• Welcome to Overclockers Forums! Join us to reply in threads, receive reduced ads, and to customize your site experience!

Another HDD>SSD Migration question

Overclockers is supported by our readers. When you click a link to make a purchase, we may earn a commission. Learn More.

dgk

Member
Joined
Feb 2, 2001
Location
Delray Beach FL
I have a new refubished HP desktop, $99, dual core 3mhz, 2gb ram, 80gb HDD, Windows 7. I got it to handle bittorrent and various binary newsgroup stuff. It does suprisingly well with RARing and PARing and ZIPing, etc but I figure an SSD should be even better. I ordered a Kingston HyperX 3K SH103S3/120G 2.5" 120GB SATA III MLC and was wondering how to do the migration.

Having looked around, it seems that simply using the Windows 7 backup and restore should actually do the alignment and trim settings by itself. But the 80 gb drive has that restore partition and I don't know if the Windows utility will bring that along as well. I'm not sure I even want that partition but it may be useful someday.

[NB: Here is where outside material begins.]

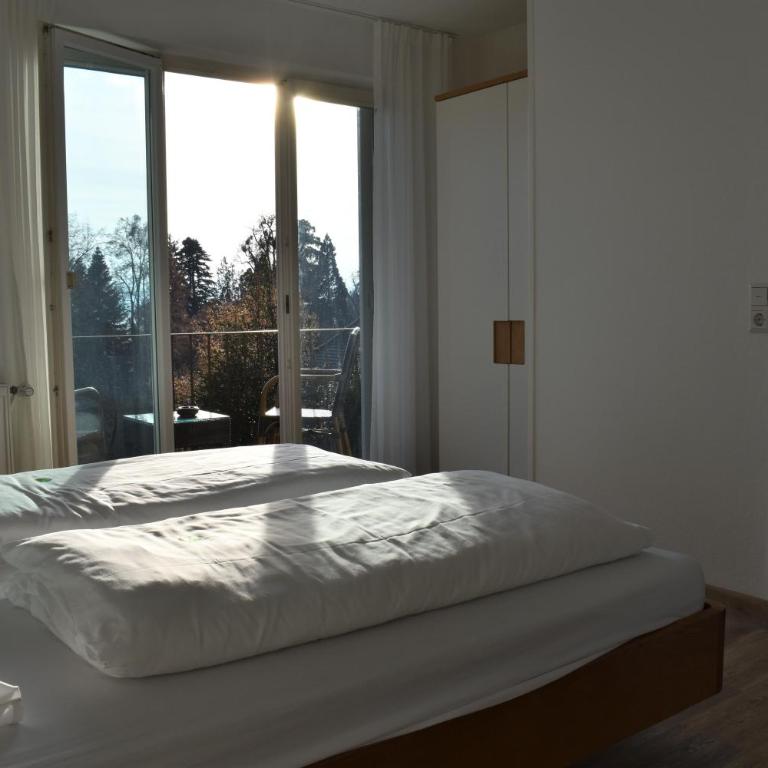 Hotel Lindenallee - Doppelzimmer mit Balkon und Parkblick - 12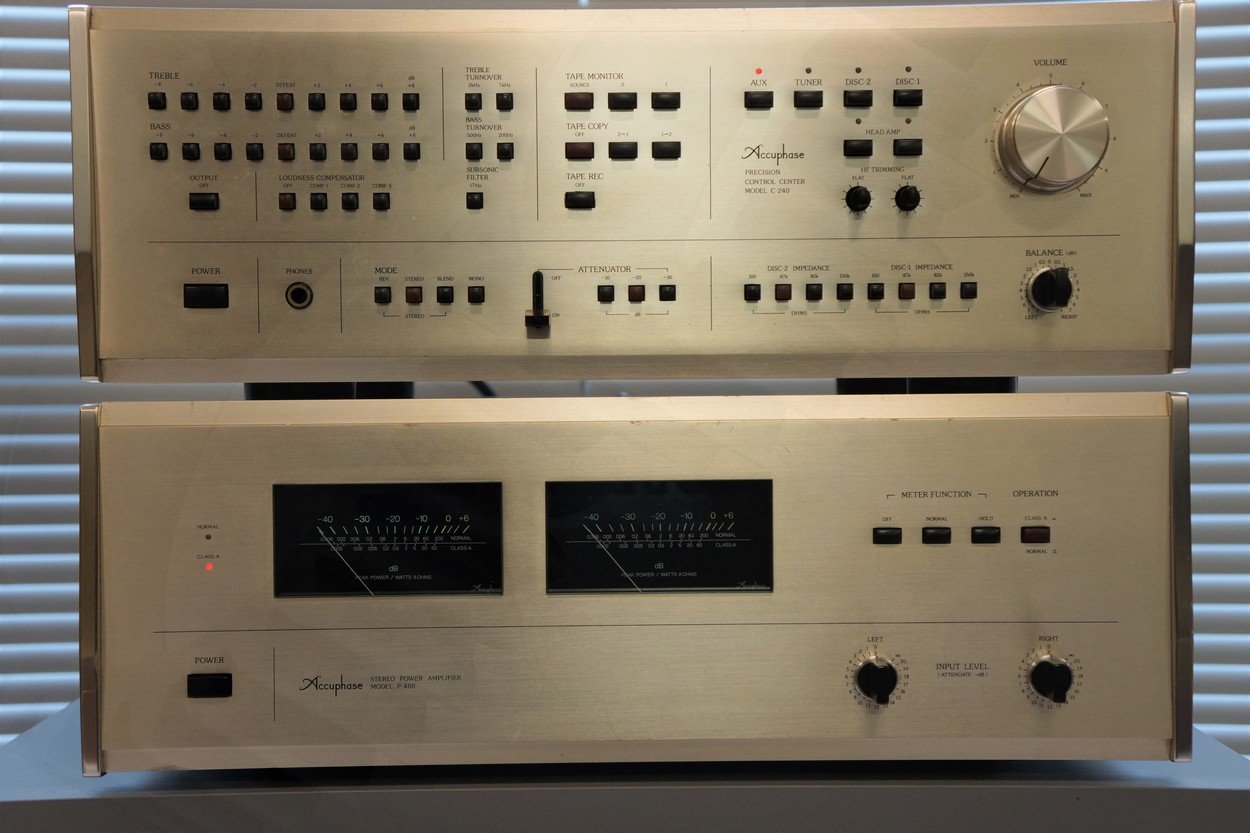 アンプ Accuphase c-240 Accuphase C-240の仕様 アキュフェーズ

Should I go with Clonezilla (or something else) that will handle the whole drive, or maybe the Win7 backup will handle it? I don't think the BIOS actually deals with the restore partition but there may be a "Press F4 to restore" but I'm not at the machine now to check. There IS an option, from the bootloader I guess, to boot into Windows 7 or Restore.

Any advice appreciated.
 
you could just go with one of the samsung SSD upgrade kits they come with software/hardware depending on the kit you get to clone the existing drive you have.
otherwise i have used both norton ghost and acronis backup for cloning a drive.
 
I don't see the Samsung upgrade kit without buying a Samsung SSD. Is that a prereq?

yea unfortunately the kit comes with a samsung SSD,some of there kits come with a usb(think its the kit sold for laptops but can be used on any) so you can clone the drive then just swap them out, format the old drive and set to storage.
 
I tried with the Windows7 backup/restore utility. I created a rescue disk and a system image. Then I installed the SSD and booted off the rescue disk. I did the restore and then booted off the SSD. The system and restore partition were both there but Win 7 created the partition the same size as the source disk, 80 gb so there were 40 left unallocated on the SSD. A quick partition expand using some free partition manager took care of that.

The partition offset was 4096, which is correct so Win 7 handled that. All in all, a pretty easy operation.
 
I think the drive is Sata III but it's a $99 refurb computer so I doubt the MB is capable. It is noticably quicker than it was. Boots almost instantaneously and unrar, par, etc go faster.